— Input for this task —
= Beginning of Section =

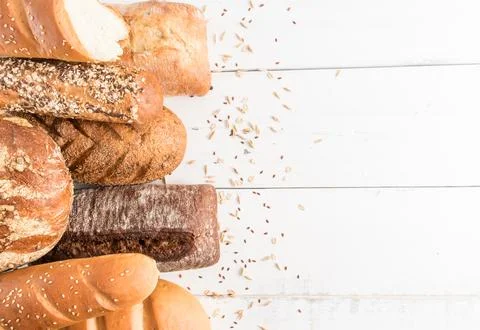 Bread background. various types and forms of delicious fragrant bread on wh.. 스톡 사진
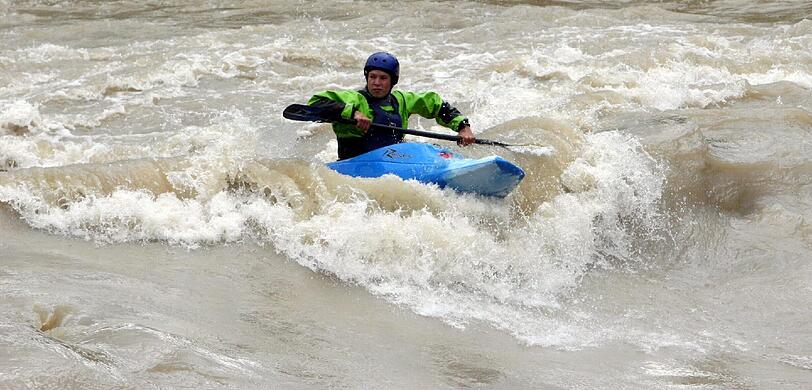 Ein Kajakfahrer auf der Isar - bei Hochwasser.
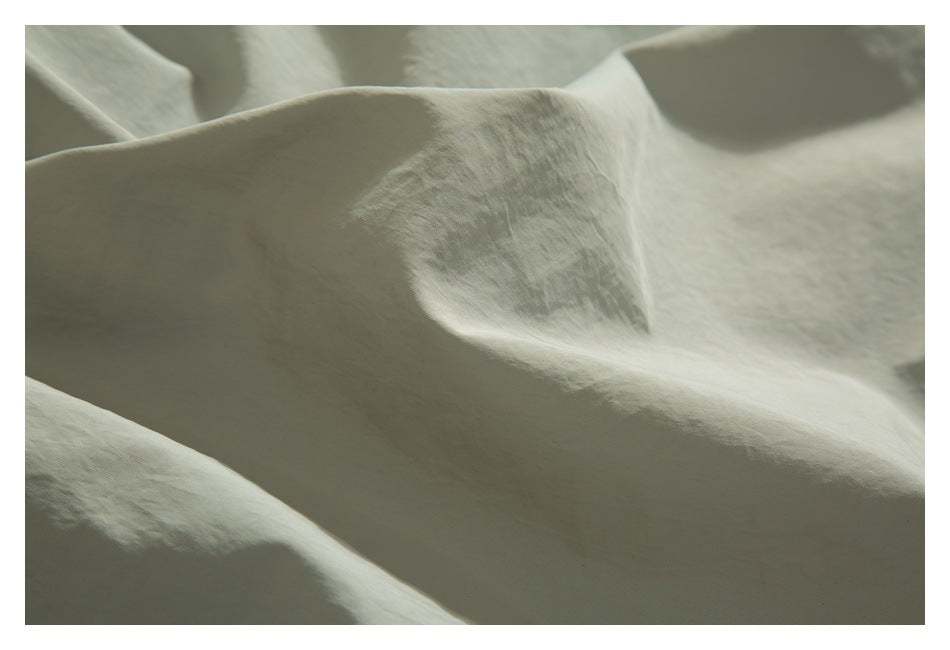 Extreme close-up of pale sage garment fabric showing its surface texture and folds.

= End of Section =
= Beginning of Section =

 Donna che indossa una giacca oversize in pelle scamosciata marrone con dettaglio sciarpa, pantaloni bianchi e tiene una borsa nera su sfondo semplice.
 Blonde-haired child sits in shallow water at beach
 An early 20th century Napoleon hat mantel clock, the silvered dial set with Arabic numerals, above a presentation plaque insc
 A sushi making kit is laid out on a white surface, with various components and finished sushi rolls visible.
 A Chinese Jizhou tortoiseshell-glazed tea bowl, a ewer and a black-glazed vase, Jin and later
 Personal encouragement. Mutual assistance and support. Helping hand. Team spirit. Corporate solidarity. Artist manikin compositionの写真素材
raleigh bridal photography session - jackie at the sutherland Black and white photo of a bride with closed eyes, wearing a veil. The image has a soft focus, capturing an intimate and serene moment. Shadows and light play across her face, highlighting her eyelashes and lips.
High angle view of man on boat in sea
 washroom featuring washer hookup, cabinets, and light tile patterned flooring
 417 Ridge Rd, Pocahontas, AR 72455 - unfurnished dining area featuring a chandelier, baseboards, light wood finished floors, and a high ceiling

= End of Section =

— Task details —
In the listing above, find the line holding "Donna che indossa" and the line holding "An early 20th", then output those two lines and every line between them exactly.

— Output of the exercise —
 Donna che indossa una giacca oversize in pelle scamosciata marrone con dettaglio sciarpa, pantaloni bianchi e tiene una borsa nera su sfondo semplice.
 Blonde-haired child sits in shallow water at beach
 An early 20th century Napoleon hat mantel clock, the silvered dial set with Arabic numerals, above a presentation plaque insc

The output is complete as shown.